Fiji Daily Post staff confirmed that acting editor Koroi also is in Tokyo for the conference.

The conference is sponsored by the World Media Association, which in turn is affiliated with the Unification Church.

According to the Unification Church website (http://unification.org/) the World Media Conference was established by Reverend Moon to advance the cause of world peace by championing freedom and moral responsibility in the press.

A Fiji Ministry of Information statement said Ratu Inoke joins 300 other media professionals and political figures from over 60 countries who have gathered to consider the responsibility of the media in a rapidly changing world.

The conference addresses the theme of "A Unified Direction for the Media in the New Millenium," it said.

Among other things, a crucial issue to be discussed at the conference is the impact of media behavior on political relations both within and between nations, the Ministry of Information statement said.

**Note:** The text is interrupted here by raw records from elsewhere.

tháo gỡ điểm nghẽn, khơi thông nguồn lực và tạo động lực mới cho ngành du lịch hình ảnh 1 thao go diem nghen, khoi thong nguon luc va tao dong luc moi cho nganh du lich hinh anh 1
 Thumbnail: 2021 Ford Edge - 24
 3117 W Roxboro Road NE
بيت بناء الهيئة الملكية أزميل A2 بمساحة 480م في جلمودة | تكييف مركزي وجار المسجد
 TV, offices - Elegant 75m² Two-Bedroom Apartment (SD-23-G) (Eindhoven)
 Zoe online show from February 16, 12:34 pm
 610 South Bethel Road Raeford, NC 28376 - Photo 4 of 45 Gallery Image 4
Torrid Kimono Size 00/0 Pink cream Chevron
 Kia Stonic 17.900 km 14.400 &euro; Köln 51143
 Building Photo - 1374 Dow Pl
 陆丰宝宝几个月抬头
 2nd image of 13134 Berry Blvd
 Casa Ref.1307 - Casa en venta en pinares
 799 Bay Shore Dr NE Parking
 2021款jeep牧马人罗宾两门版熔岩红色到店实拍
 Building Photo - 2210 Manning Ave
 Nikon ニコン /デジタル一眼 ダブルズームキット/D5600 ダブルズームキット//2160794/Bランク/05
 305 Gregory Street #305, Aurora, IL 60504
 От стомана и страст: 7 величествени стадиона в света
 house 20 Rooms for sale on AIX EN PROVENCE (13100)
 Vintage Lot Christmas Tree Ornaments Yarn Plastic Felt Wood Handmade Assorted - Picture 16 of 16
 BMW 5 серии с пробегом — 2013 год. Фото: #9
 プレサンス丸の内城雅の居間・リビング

The World Media Association has held a series of such conferences around the world. The first was held in October 1978, at the Waldorf-Astoria Hotel in New York, under the theme, "The Future of the Free Press."

* An Encyclopedia Britannica listing says of Reverend Moon and the Unification Church: "By name of Holy Spirit Association for the Unification of World Christianity, religious movement that was founded in South Korea in 1954 by Sun Myung Moon. The movement shifted its base to New York City in 1971. Its network of missionary, cultural, and economic enterprises extends to more than 100 countries and is said to involve more than 200,000 believers. Only about 10,000, with considerable turnover, are members of the highly visible American branch.

"The basic teachings of the movement are posited in Divine Principle, written by Moon in the early 1950s with the aid of biblical study and revelation. The movement, influenced by yin-yang motifs and Korean shamanism, seeks to establish divine rule on earth through the restoration of the family based on the union of the Lord and Lady of the Second Advent (believed to be Moon and his wife, Hak Ja Han).

"According to Unification doctrine, God's efforts to reestablish rightful order reached a provisional climax in Jesus, who, by exemplifying individual oneness with God, inaugurated the kingdom spiritually but was prevented by his crucifixion from restoring divine rule through procreative marriage. The completion of Christ's thwarted work is believed to be approaching its final stages in the mission conferred by the ascended Jesus on Moon.

"Unification stresses communal and devotional discipline as well as unreserved commitment to such practical work as fund-raising, business operations, and educational, missionary, and humanitarian activity.

"Controversy about the "Moonies" - a derisive name the members of the Unification Church now espouse - has mounted with regard to their recruitment practices (said to include protein starvation and brainwashing), appeals for money, business policies, and conformity to immigration and tax laws."